On Tuesday, June 8, 6-10 PM, at TJ’s Restaurant & Drinkery in Paoli, the community is invited to show their support of our Paoli firefighters with a firkin.  TJ’s is participating in Philly Beer Week 2010, June 4 – 13 and on Tuesday night will be showing their support with proceeds going to the Paoli Fire Company.  Firkins will be coming from Flying Fish, Sly Fox, Dock Street, Stoudts, Troegs, and Yards. Firkins will be tapped at 4 PM; brewers, reps and the Paoli firefighters will arrive at 6 PM.

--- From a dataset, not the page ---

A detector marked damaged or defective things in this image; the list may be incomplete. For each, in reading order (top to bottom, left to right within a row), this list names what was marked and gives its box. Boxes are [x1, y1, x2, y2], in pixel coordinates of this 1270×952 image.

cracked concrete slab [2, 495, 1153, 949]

Not understanding the world of beer-making, I admit that I did not have a clue about firkins. Firkin?  What is Firkin?  I did a bit of research and found that a firkin is a type of keg that contains “real ale,” also known as “cask-conditioned ale.”  So what’s that?  Cask-conditioned ale is beer that is naturally carbonated, because the beer is put in the sealed cask, or firkin, before fermentation is complete.  The gas produced by the fermentation is then absorbed in the beer.  That produces a gentle, natural carbonation.  Carbonation in standard kegged and bottled beer is produced by adding carbon dioxide (Co2), or sometimes nitrogen, after fermentation.  That’s what gives most beer its fizz.

I may not completely understand the process of a firkin, but I do understand the importance of supporting our firefighters . . . hope to see you Tuesday night at TJ’s!

There are hundreds of events scheduled throughout the city and suburbs for Philly Beer Week 2010.  For a full list of participating venues, click here.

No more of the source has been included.